The details that come to us of the horrible murder and mutilation of our missionaries in the interior are so frightfully shocking that less severe punishment can not be asked, and I believe the Chinese Government are so impressed by the terrible results of their efforts to get rid of the foreigners that they will readily accede to our demand unless the court is held in the power of those who are to be thus punished; [Page 44] but whether or no, they should be made to do it and to furnish ample and satisfactory proof of its accomplishment. Provision must also be made for adequate punishment for all provincial and local officials who may be proved to be in any way responsible for or accessory to the crimes.

I inclose copy of my correspondence with Prince Ching and Li Hung-chang regarding the rumored probability of removal of the Yangtze viceroys.

I have, etc.,

E. H. Conger.
[Inclosure 1.]

Mr. Conger to Prince Ching and Li Hung-chang.

Your Highness and Your Excellency: Reports are reaching me from several sources that reactionary and disturbing officials are being appointed in the Yangtze provinces; that the power of the viceroys is being thus undermined, and the removal of the viceroys Liu Kun-i and Chang Chih-tung is contemplated. I can not believe this, for such appointments or removals would be acts most unfriendly toward the foreign powers who are now trying to negotiate a settlement of the troubles which China has unfortunately brought upon herself.

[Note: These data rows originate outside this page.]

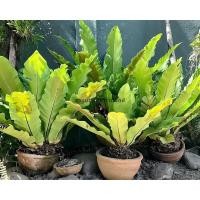 ราคา เฟิร์นข้าหลวง S ต้นเฟิน ข้าหลวง เฟิร์นหลังลาย เฟิร์นข้าหลวง เฟิร์นข้าหลวงหลังลาย เฟิร์นรังนก เฟิร์นข้าหลวงโอซ (24974211318)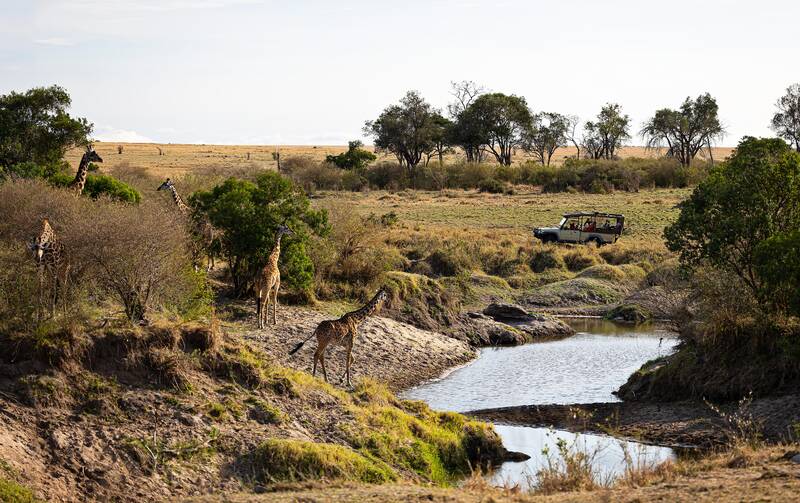 Giraffe at a Mara stream, a game vehicle waiting beyond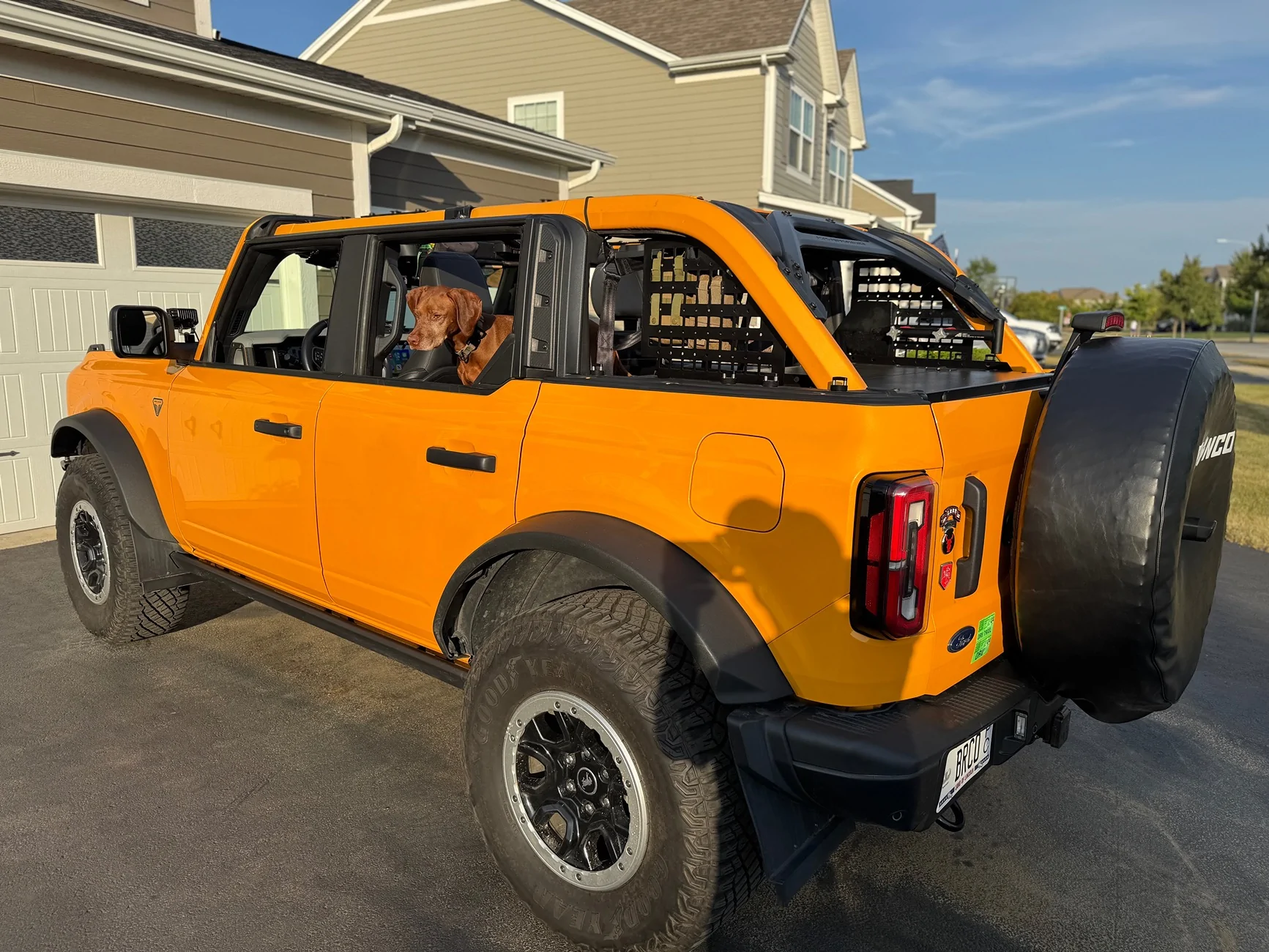 Ford Bronco Soft Top + Dogs? IMG_5724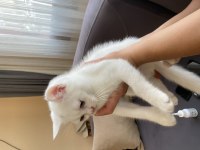 3 aylık erkek british shorthair
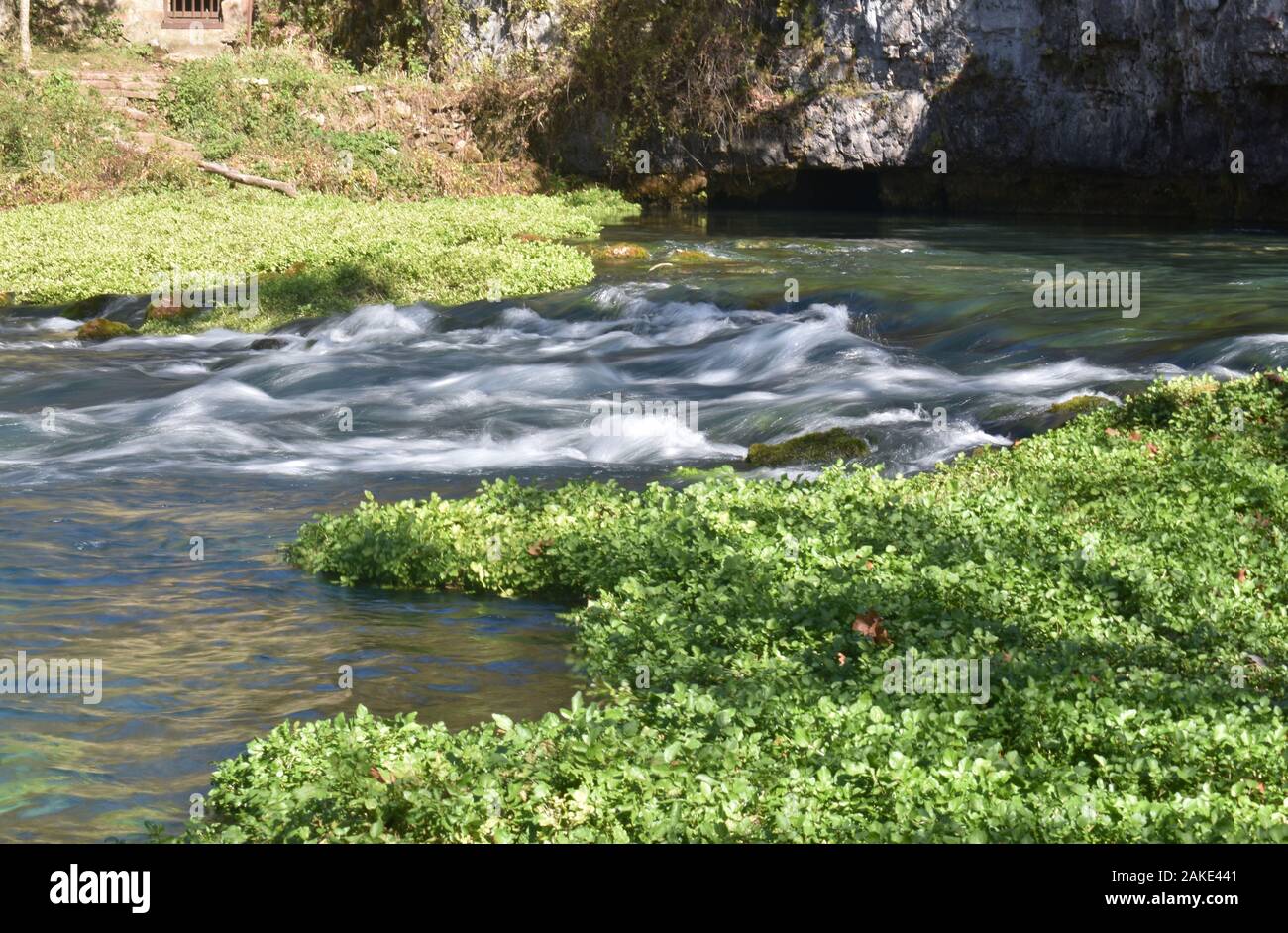 Welch Spring, near Jadwin Missouri, MO, United States, US, USA. The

And yet the matter is so important that I am constrained to file a formal and energetic protest against such action, and respectfully request your highness and your excellency to communicate it to the Emperor by telegraph.

I avail, etc.,

E. H. Conger.
[Inclosure 2.]

Prince Ching and Li Hung-chang to Mr. Conger.

Your Excellency: We have just received your excellency’s communication, in which you state that reports have been reaching you that reactionary and disturbing officials are being appointed in the Yangtze provinces; that the power of the viceroys is being undermined, and the removal of the viceroys of the Liang Hu provinces and of Nanking is contemplated, but that you can not believe this, etc.

In reply we have the honor to say that it is very evident from your excellency’s communication that you are sincerely friendly in your intercourse with us, for which we feel exceedingly grateful.

We would observe, however, that in regard to the two viceroys—Liang Hu provinces and Nanking—a decree was recently issued appointing these officers to consult with us in arranging terms of peace, and they are granted the position of minister plenipotentiary. The court certainly relies on the position of these officers, and they certainly have not been removed from their respective posts. Even supposing that the idea [of their removal] emanated from persons who are opposed to them, still the fact of their being high officials of the Government would certainly prevent them from venturing to defeat or overthrow them before the very presence of the Throne. We may inform your excellency that we have never heard of the reports to which you allude, and even your excellency knows that they are certainly not really true.

In sending this communication in reply to your excellency’s, which we beg you will duly take note of, we ask you not to listen to false reports, etc.

[Enclosure 3.—Private note.]

Li Hung-chang to Mr. Conger.

Your Excellency: I beg to inform your excellency that I have just received a telegram from the governor of Shensi, Ts’en, stating that Kang I died on the 18th instant, and that Yu Hsien died by taking poison (lit: swallowing gold). This information is perfectly true. Further, that Prince Tuan is not allowed to accompany the Emperor.

Card of Li Hung-chang, with compliments.